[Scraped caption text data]
:::::

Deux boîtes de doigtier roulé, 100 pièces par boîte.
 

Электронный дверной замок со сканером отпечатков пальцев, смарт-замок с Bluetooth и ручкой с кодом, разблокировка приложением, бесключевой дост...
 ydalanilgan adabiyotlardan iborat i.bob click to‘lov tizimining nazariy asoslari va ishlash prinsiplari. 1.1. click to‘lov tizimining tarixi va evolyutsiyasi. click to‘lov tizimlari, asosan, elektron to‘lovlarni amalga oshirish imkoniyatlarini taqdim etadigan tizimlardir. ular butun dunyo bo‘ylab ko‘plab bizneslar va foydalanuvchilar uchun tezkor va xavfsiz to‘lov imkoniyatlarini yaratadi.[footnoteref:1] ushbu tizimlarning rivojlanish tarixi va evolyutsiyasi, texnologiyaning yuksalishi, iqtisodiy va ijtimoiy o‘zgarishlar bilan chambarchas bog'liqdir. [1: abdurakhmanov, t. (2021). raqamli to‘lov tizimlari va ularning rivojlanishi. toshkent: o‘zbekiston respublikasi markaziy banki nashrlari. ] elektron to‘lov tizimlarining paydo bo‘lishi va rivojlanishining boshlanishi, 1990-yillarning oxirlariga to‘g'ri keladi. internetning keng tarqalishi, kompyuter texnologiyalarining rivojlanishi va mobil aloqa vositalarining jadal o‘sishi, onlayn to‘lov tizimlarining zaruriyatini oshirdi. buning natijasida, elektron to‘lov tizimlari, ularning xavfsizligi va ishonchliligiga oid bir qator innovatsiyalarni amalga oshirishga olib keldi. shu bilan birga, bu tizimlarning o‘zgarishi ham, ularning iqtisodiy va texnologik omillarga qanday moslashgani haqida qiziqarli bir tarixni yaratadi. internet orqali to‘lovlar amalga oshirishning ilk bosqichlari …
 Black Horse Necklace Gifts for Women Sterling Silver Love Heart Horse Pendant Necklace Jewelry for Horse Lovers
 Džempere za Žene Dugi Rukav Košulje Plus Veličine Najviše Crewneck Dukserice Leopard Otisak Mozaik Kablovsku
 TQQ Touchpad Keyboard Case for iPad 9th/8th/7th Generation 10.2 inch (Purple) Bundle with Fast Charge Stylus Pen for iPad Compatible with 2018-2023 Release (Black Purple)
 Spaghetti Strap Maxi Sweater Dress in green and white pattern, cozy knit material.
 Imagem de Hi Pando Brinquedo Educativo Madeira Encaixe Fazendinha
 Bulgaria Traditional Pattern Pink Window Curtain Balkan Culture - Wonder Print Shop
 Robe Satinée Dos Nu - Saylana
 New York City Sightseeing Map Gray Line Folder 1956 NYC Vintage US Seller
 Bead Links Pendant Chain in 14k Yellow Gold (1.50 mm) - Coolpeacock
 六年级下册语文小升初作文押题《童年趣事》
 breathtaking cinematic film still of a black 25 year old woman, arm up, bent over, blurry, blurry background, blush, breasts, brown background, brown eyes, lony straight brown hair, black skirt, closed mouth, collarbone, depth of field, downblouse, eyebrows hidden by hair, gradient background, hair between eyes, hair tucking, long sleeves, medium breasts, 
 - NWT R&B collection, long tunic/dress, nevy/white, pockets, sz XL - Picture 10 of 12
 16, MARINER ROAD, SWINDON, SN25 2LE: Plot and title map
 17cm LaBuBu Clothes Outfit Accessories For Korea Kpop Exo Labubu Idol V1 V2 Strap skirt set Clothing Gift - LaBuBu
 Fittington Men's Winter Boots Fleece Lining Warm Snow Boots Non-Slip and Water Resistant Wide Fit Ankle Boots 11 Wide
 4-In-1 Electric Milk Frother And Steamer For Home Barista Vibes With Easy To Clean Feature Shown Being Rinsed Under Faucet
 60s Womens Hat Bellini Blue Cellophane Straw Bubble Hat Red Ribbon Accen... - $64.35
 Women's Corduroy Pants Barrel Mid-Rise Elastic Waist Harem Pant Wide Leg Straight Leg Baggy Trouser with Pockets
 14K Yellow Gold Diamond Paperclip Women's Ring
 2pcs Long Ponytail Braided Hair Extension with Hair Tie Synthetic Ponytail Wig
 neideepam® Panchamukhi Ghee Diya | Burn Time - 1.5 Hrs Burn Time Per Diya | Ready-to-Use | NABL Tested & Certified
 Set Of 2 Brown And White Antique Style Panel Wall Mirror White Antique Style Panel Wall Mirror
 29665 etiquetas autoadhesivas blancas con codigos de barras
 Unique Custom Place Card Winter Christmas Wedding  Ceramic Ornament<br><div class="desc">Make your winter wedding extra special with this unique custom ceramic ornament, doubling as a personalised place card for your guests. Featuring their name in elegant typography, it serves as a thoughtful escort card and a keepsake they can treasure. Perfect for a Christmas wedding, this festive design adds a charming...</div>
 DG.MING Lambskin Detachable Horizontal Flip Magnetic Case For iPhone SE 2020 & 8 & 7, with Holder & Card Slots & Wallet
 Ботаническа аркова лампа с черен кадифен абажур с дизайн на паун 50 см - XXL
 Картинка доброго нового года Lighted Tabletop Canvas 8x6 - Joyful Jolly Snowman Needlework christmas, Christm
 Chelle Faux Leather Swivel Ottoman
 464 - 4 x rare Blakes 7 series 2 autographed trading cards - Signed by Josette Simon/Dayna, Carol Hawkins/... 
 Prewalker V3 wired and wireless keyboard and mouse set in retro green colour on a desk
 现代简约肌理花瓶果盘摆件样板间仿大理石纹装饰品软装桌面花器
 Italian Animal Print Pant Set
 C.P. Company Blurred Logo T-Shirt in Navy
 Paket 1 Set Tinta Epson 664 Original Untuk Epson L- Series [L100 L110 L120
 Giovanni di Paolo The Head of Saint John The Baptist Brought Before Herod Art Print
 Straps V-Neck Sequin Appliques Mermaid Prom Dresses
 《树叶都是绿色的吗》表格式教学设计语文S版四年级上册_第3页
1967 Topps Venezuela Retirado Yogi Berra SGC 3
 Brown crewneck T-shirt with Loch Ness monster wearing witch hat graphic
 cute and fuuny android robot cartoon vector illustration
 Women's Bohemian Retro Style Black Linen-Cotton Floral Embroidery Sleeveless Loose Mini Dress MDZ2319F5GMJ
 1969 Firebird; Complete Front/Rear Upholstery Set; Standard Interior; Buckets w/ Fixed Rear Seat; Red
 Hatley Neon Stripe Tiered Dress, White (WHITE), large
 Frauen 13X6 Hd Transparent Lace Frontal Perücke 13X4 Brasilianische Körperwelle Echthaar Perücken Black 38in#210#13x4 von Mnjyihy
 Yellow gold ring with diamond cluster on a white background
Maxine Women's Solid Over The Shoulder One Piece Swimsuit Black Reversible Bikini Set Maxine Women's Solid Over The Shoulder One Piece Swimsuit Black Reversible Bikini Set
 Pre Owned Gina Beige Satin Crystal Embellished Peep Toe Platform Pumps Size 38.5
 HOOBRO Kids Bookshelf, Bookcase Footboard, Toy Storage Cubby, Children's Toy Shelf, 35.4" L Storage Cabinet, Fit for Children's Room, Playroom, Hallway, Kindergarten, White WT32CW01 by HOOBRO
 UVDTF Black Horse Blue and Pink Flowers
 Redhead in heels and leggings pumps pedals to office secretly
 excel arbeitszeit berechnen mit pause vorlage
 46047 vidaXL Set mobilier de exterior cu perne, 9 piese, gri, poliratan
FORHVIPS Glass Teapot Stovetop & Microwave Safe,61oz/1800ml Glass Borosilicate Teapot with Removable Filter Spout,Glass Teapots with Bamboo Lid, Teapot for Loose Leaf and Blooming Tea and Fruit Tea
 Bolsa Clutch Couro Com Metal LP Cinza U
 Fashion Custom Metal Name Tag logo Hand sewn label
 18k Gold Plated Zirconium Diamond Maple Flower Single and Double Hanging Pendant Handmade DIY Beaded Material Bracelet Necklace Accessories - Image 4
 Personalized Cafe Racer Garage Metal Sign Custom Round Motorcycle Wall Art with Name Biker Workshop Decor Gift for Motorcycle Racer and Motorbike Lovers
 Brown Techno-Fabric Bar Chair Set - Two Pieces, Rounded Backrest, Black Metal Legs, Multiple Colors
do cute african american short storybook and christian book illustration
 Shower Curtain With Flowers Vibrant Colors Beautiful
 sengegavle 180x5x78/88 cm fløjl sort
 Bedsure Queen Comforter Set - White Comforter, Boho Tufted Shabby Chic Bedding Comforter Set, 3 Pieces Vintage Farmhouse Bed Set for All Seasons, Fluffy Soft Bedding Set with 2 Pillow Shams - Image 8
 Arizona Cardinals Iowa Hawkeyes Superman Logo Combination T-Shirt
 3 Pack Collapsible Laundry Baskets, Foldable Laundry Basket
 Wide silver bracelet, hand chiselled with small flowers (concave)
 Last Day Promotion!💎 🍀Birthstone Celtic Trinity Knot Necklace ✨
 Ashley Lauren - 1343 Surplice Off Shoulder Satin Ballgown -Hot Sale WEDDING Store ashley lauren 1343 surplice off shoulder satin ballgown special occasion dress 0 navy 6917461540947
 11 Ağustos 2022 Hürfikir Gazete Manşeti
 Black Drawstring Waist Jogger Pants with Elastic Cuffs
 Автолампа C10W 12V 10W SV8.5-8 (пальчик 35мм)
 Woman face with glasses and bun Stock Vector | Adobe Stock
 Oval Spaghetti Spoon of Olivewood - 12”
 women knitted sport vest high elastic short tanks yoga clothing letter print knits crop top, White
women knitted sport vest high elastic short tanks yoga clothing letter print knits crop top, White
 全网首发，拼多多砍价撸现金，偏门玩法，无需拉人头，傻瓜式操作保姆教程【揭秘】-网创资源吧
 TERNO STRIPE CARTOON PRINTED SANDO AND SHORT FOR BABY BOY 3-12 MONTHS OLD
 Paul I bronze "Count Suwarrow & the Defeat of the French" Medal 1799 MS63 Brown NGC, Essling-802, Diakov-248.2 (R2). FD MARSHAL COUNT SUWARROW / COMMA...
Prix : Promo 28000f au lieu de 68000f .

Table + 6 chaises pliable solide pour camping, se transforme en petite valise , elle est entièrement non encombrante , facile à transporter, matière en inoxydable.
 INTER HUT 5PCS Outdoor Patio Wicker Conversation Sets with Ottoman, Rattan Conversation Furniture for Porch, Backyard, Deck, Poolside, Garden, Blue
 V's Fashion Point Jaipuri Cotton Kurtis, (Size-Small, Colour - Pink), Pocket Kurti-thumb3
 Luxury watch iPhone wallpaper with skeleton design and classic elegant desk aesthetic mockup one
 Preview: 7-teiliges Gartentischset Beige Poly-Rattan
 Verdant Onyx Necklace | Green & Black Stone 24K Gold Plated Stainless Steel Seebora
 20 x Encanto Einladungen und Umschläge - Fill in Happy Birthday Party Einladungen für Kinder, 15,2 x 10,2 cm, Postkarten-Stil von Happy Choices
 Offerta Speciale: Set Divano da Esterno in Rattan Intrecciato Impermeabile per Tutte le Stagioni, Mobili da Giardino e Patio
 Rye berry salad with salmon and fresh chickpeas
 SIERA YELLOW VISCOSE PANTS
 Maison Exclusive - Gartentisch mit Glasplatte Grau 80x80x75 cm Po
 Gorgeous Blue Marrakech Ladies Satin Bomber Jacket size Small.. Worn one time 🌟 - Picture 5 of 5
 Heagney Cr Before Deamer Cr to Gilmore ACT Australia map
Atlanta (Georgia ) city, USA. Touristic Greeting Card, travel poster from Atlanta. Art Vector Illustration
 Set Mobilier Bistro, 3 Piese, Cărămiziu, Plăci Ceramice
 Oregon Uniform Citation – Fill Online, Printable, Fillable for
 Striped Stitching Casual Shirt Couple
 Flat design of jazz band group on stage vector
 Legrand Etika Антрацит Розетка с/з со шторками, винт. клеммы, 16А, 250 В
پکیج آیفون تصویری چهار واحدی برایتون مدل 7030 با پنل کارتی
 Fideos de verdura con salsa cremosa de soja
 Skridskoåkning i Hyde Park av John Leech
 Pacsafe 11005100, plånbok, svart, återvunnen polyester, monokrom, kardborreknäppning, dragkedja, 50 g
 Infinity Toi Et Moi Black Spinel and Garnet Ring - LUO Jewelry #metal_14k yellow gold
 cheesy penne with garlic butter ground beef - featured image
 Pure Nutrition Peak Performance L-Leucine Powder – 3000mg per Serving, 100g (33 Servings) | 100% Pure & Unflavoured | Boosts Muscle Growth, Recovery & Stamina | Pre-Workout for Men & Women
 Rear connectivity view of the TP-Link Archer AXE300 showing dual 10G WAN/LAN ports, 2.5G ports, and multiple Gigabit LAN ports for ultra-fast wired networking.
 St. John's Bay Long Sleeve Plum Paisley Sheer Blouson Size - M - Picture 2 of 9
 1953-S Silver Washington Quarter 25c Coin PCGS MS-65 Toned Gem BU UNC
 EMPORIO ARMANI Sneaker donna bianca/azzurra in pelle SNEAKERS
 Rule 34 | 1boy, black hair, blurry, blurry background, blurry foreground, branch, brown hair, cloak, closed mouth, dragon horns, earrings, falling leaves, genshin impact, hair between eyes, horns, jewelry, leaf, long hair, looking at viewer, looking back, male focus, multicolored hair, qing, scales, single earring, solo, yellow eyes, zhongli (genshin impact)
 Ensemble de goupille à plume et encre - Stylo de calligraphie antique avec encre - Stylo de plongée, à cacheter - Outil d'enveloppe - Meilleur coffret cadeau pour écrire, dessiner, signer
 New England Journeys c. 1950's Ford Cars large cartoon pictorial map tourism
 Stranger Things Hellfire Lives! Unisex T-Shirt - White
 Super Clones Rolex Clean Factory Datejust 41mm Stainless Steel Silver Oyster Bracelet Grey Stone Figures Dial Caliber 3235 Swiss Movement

:::::

A single number is required: the count of lines in the data that include the string "pour".

### The completed task
2